======== TASK INPUTS ========
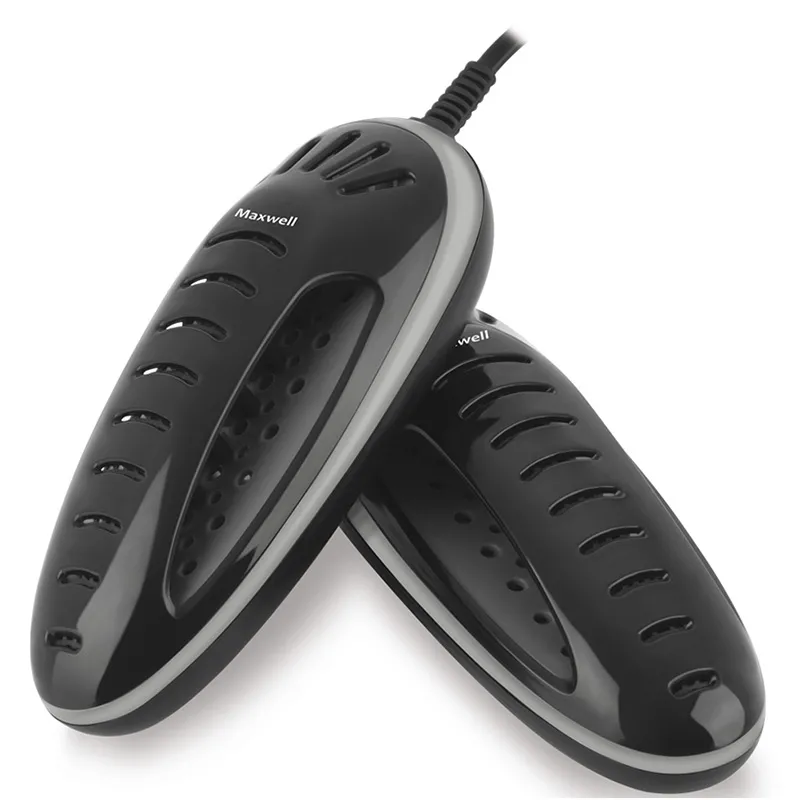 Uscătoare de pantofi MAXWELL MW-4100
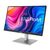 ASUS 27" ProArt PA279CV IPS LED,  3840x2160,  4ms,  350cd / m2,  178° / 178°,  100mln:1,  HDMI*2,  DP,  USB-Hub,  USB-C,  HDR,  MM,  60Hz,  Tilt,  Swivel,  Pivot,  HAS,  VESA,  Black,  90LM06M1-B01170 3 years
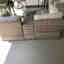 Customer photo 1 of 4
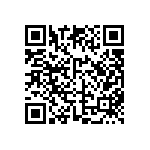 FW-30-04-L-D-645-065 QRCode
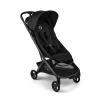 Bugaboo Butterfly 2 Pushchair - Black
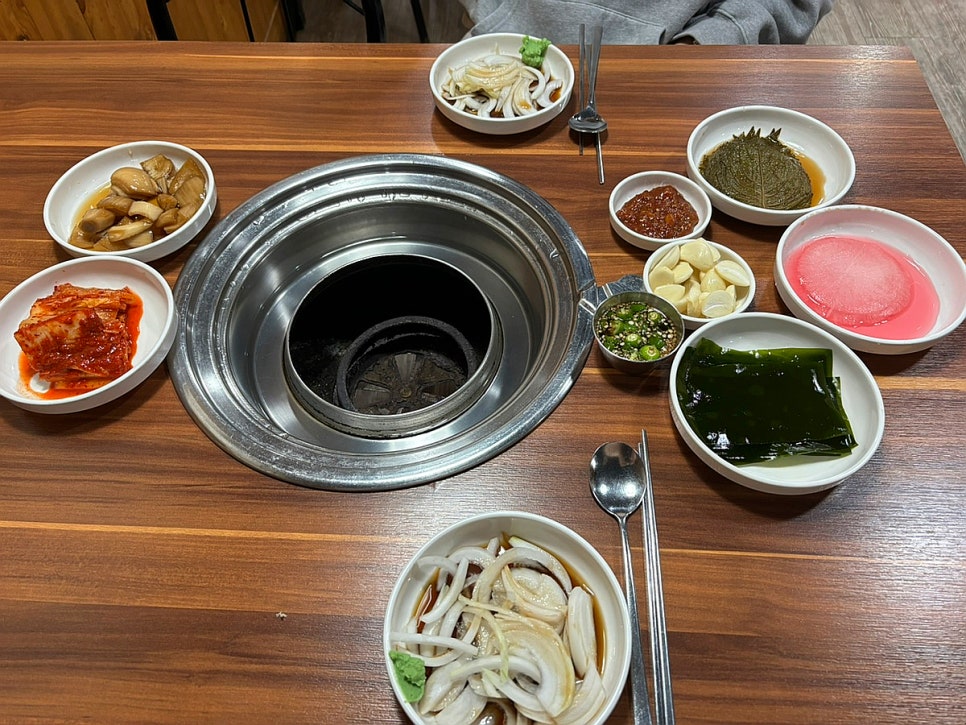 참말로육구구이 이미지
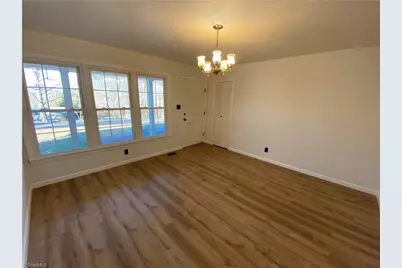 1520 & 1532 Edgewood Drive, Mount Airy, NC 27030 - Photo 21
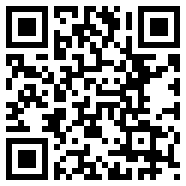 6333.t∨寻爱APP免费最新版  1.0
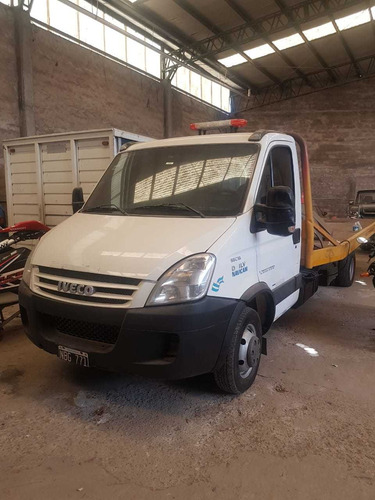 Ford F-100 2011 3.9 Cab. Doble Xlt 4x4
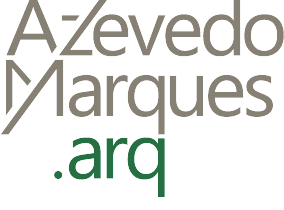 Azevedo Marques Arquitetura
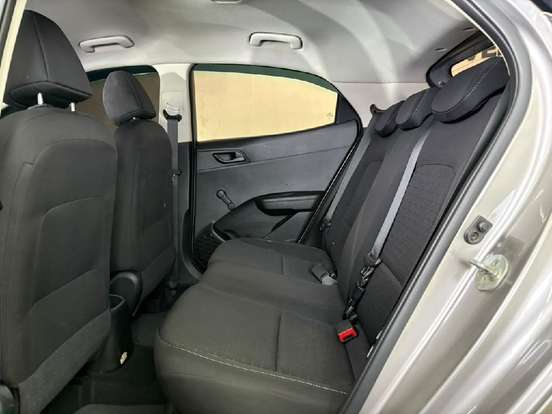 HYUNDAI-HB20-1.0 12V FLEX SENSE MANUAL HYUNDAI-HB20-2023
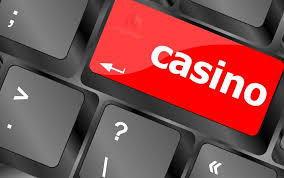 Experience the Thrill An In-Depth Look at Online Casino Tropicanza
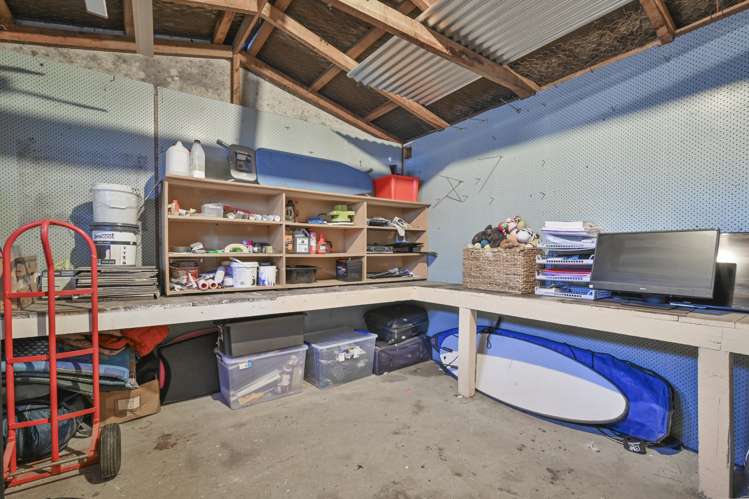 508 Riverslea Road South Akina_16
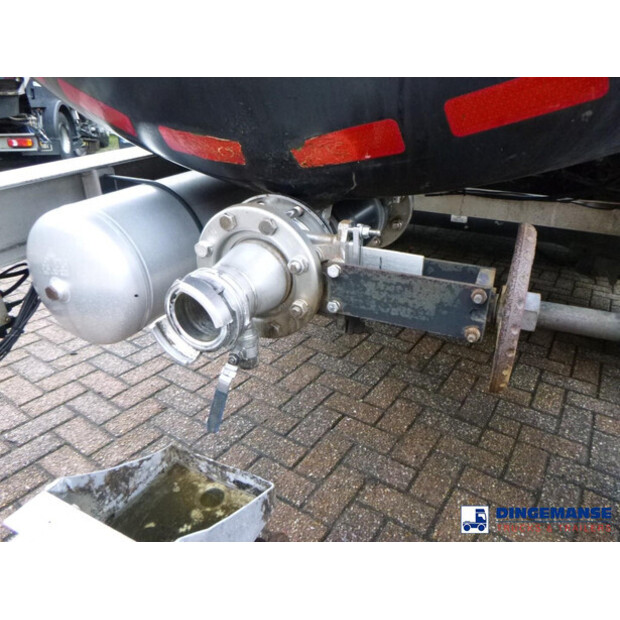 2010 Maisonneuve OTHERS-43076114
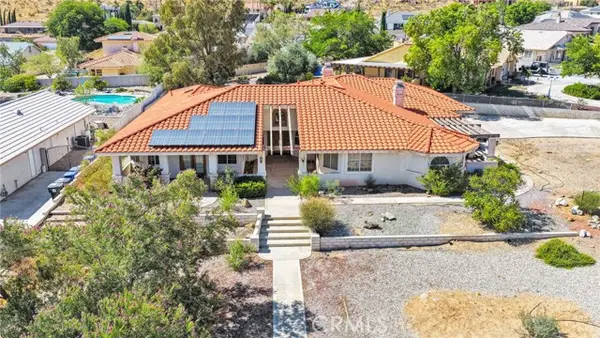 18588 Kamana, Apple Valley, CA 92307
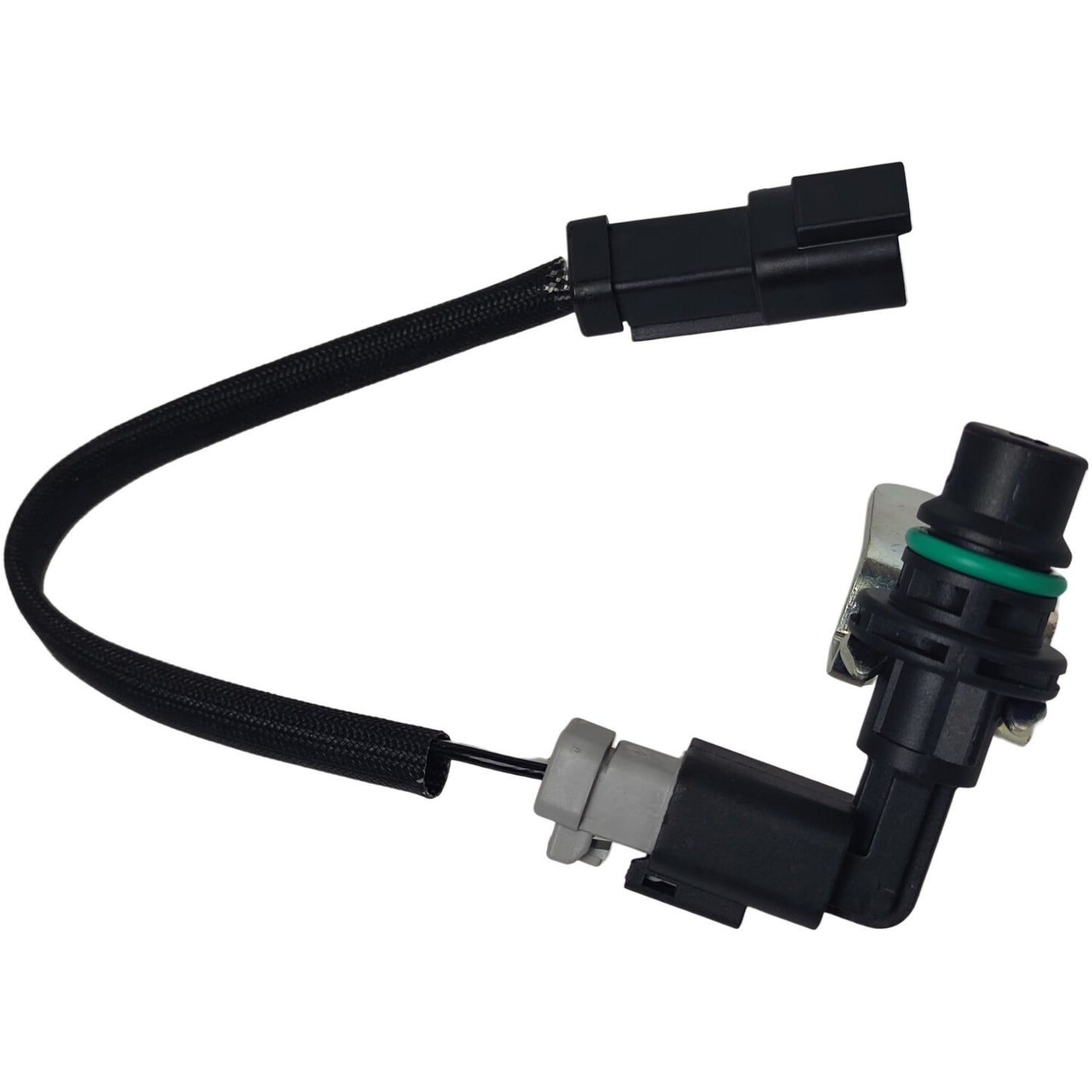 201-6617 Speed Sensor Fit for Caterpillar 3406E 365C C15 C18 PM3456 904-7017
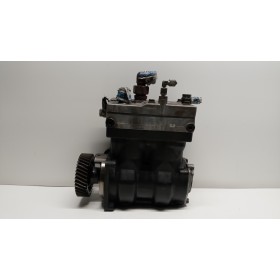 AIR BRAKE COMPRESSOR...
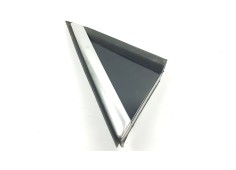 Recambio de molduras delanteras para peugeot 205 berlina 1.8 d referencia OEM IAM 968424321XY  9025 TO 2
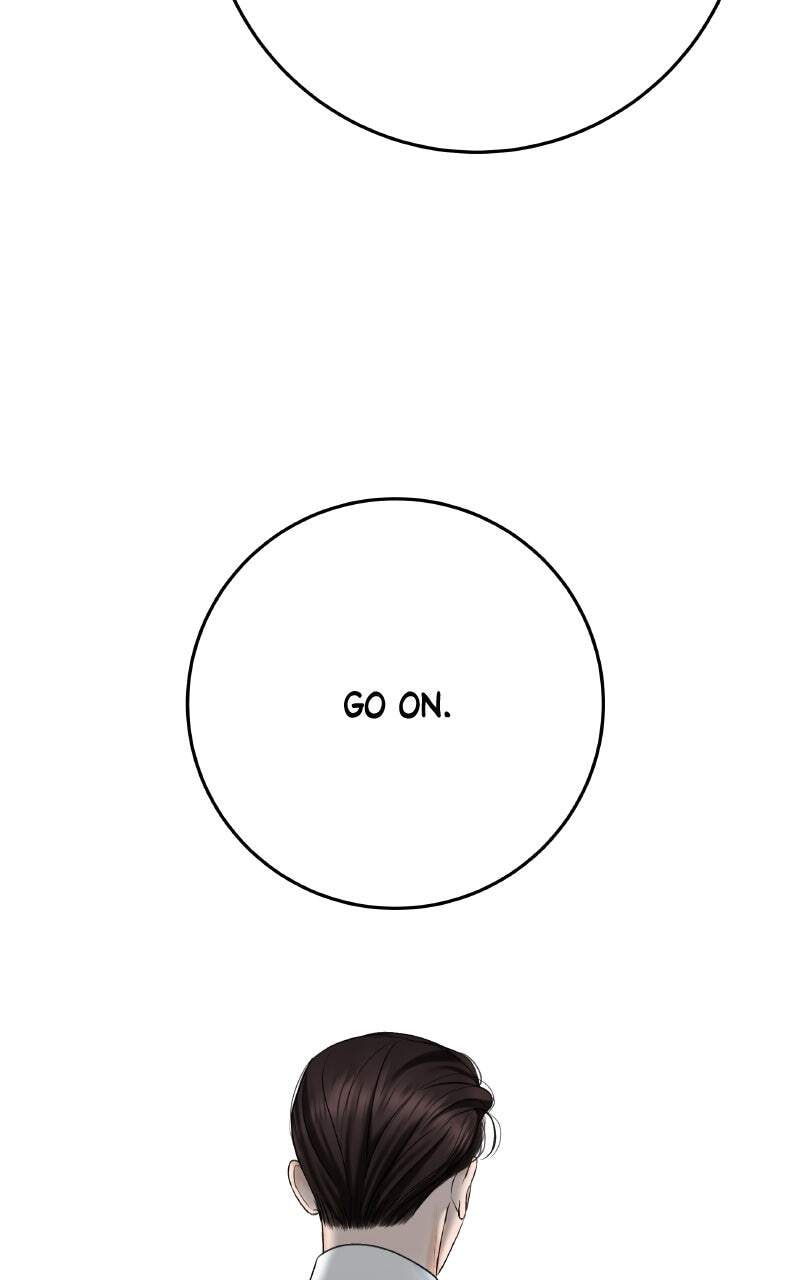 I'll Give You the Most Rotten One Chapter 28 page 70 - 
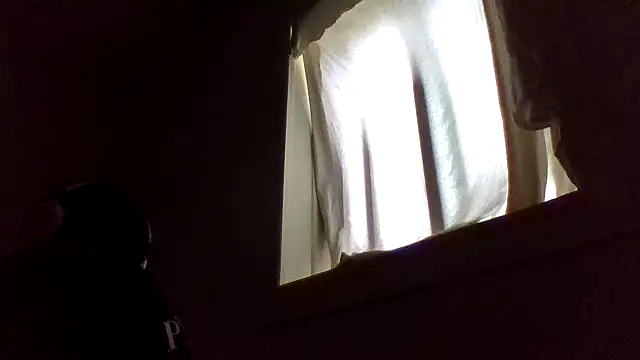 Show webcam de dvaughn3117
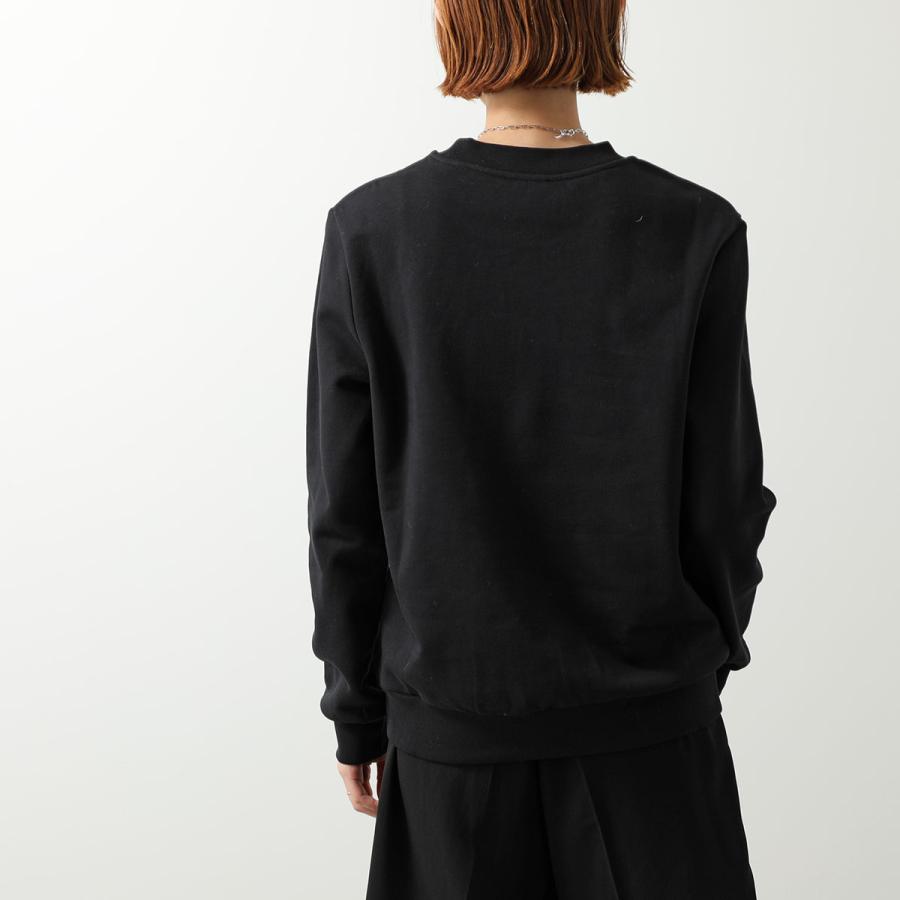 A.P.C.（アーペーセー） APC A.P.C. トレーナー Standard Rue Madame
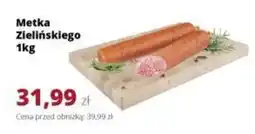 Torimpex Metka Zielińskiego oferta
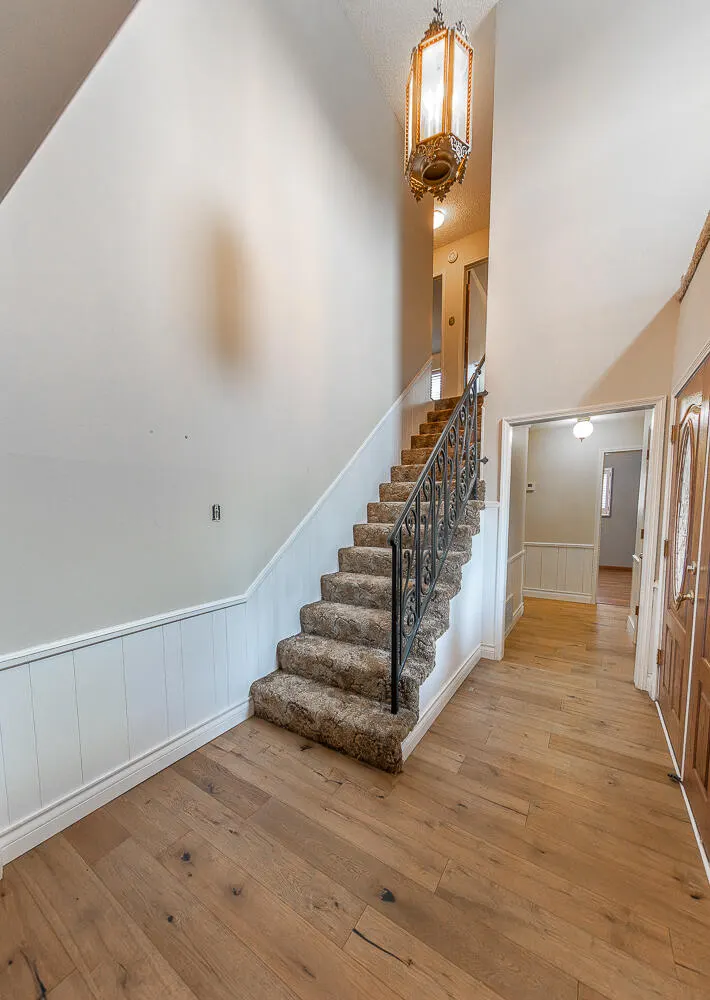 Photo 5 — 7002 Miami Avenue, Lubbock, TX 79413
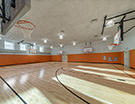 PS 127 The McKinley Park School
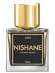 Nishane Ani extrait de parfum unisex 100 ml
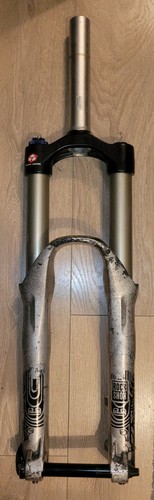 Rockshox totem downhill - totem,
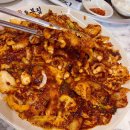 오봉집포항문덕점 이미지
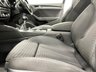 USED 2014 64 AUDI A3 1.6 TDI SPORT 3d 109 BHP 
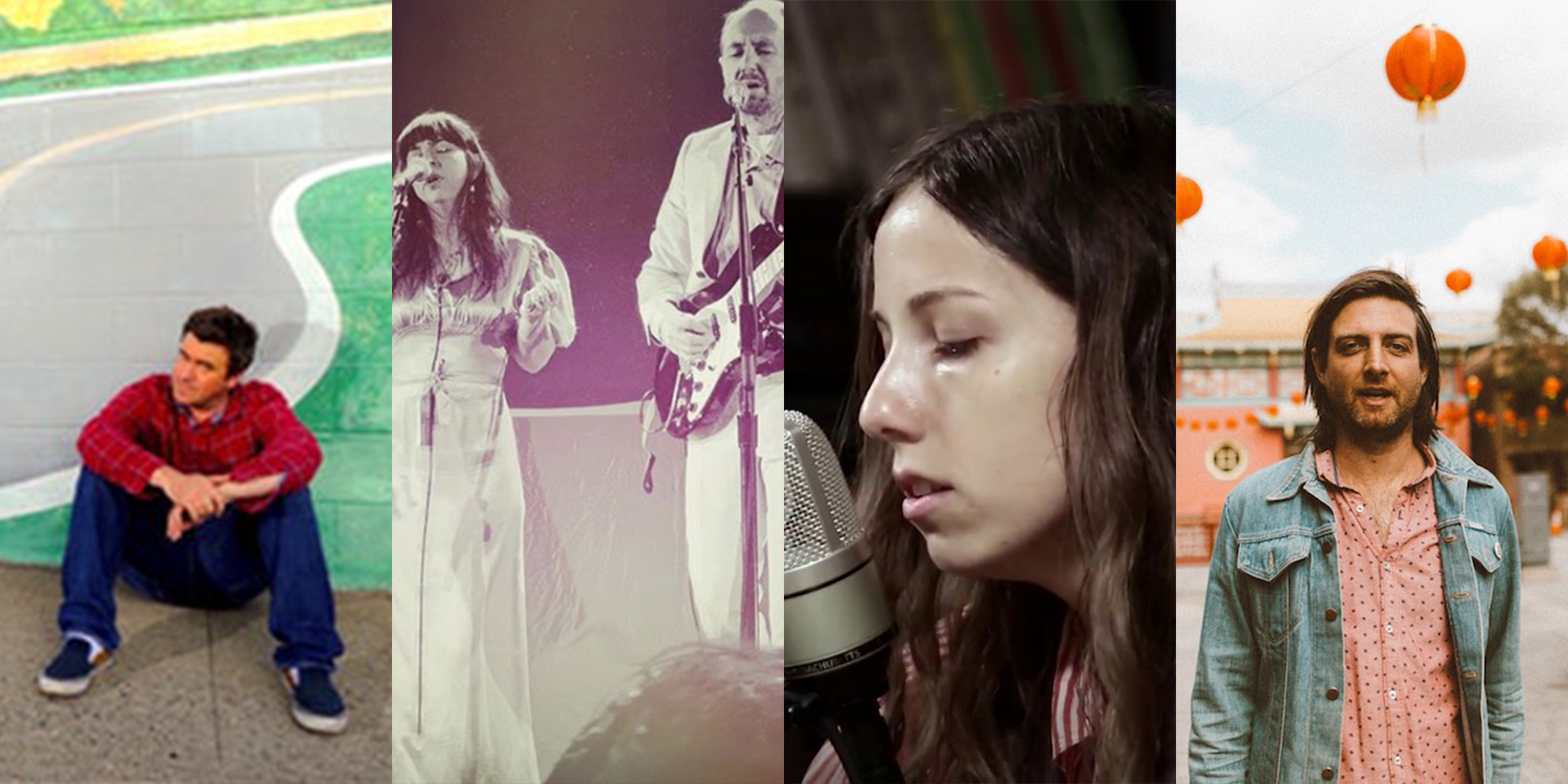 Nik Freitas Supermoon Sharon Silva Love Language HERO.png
========
Only the lines from the one containing "Nishane Ani extrait de parfum unisex 100 ml" through the final line of the data should be given again, exactly and without pictures.

 Nishane Ani extrait de parfum unisex 100 ml
 Rockshox totem downhill - totem,
 오봉집포항문덕점 이미지
 USED 2014 64 AUDI A3 1.6 TDI SPORT 3d 109 BHP 
 Nik Freitas Supermoon Sharon Silva Love Language HERO.png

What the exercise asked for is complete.